ALBERTI LEON BATTISTA (1404-1472)
De la théorie à la pratique
L'œuvre construite est peu importante en quantité. Alberti, homme de cabinet, ne fut pas présent sur les chantiers, comme le révèle par exemple la lettre dans laquelle il donne des instructions très précises à Matteo de' Pasti, chargé de l'exécution de San Francesco à Rimini. Dans d'autres cas, son intervention n'est pas prouvée. On lui attribue généralement la paternité du palais Rucellai, à Florence. Le palais fut construit en deux étapes par Bernardo Rossellino (1448-1455, apr. 1457 et av. 1469), mais l'humaniste est vraisemblablement l'inspirateur d'une façade qui présente pour la première fois trois niveaux de pilastres appliqués sur le revêtement à bossage typique des palais florentins. Cette superposition d'ordres inspirée de modèles antiques (Colisée, théâtre de Marcellus), l'utilisation d'une corniche à l'antique et, à la base de l'édifice, d'un opus reticulatum, sont tout à fait dans l'esprit d'Alberti, qui apparaît ainsi comme l'inventeur d'un type de façade sans précédent à Florence. En 1450, Sigismondo Malatesta avait appelé Alberti à Rimini pour moderniser San Francesco et en faire un mausolée dynastique, d'où son nom de tempio Malatestiano. Le Florentin conçut une enveloppe moderne, habillant la façade et les flancs de l'ancien édifice, ainsi qu'une rotonde, dans le prolongement du chœur, couverte d'une immense coupole ; toutefois, ce dernier projet ne put être mené à bien. À Florence, Alberti réalisa à la demande de Giovanni Rucellai le Saint-Sépulcre de l'église San Pancrazio, petit édicule supporté par des pilastres cannelés (1467), et surtout la façade de Santa Maria Novella (1457-1458). Quant aux édifices prévus pour Mantoue, ils ne furent pas terminés : San Sebastiano n'a jamais reçu la façade que prévoyait Alberti, et c'est Filippo Juvara qui construisit au xviiie siècle la coupole de Sant'Andrea. De même, l'église de Rimini resta inachevée.
Tous ces édifices sont cependant très importants pour l'histoire de l'architecture, car ils posent, d'entrée de jeu, les deux problèmes cruciaux de l'architecture religieuse de la Renaissance : celui du plan (centré ou longitudinal) et celui de l'adaptation des formules antiques aux façades des églises modernes.

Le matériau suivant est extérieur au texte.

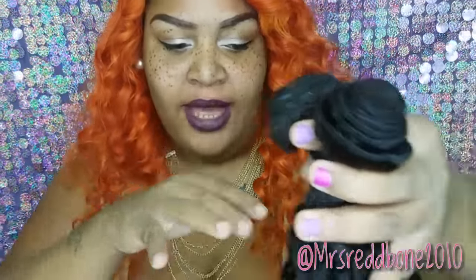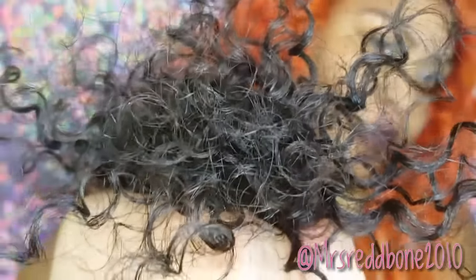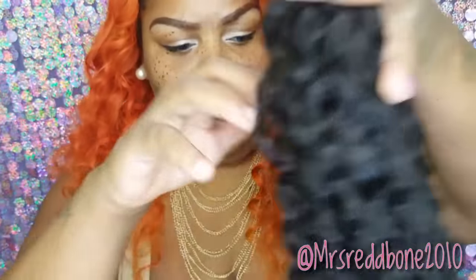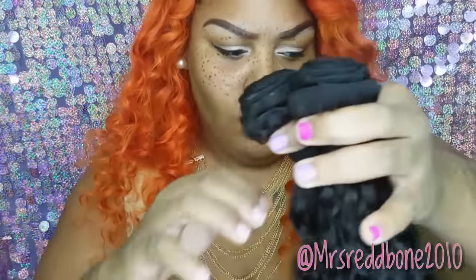This is what the pattern looks like after I washed it. Out of these three whole bundles and the closure, I probably got maybe ten strands total, if even that — so shedding was very minimal. The hair is about 95% dry and, as you can see, it's beautiful. The ends of this hair look amazingly healthy — beautiful and curly!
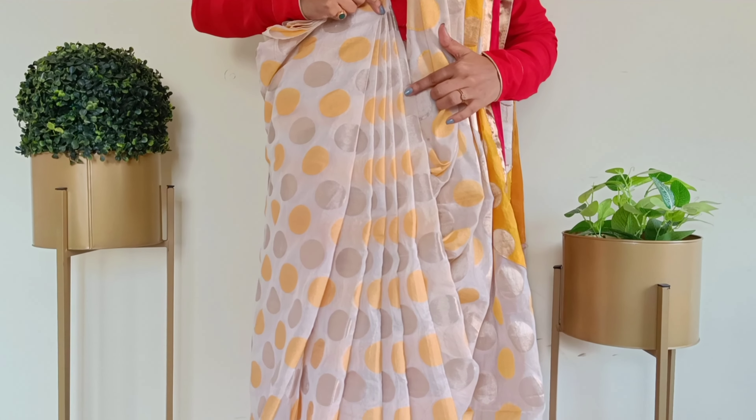Secure everything with the blouse fabric. When it's time to secure, remember to position the shoulder pleats slightly to the back side for the perfect setting of your drape. Now we are left with only the last step. In the last step, we have to put our pallu on the right side and remove the pin.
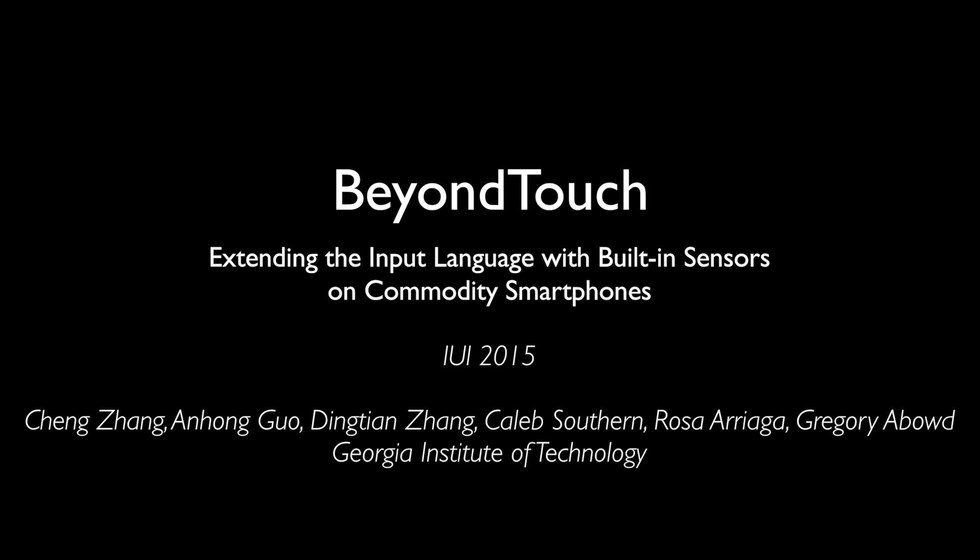Beyond Touch expands the range of inputs on smartphones beyond the touchscreen, using only the built-in accelerometer, gyroscope, and microphones.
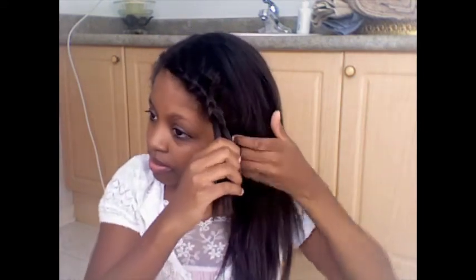Another way you can do this hairstyle is by taking your French braid and bobby pinning it under your hair so it looks more like a headband. And then you can put your bow accessory right there.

San Sebastiano, construit sur l'emplacement d'un ancien oratoire, a un plan en croix grecque. Sant'Andrea, église destinée à accueillir de nombreux fidèles, comporte pour cette raison une nef sans bas-côtés, mais dotée de chapelles latérales et couverte d'une puissante voûte en berceau reposant sur des piliers disposés entre les chapelles, dans un rythme inspiré de l'arc de triomphe antique. Enfin, le temple des Malatesta devait combiner une nef longitudinale et un sanctuaire en forme de rotonde. Les principales solutions qu'adopta l'architecture religieuse des siècles suivants se trouvent ici définies : le plan central fut celui du Saint-Pierre projeté par Bramante et par Michel-Ange ; le plan longitudinal de Sant'Andrea préfigure celui du Gesù construit à Rome par Vignole ; la combinaison de la nef et de la rotonde, souvenir du Saint-Sépulcre de Jérusalem, se retrouve à la Santissima Annunziata de Florence ; elle fut reprise par Diego de Siloé pour la cathédrale de Grenade.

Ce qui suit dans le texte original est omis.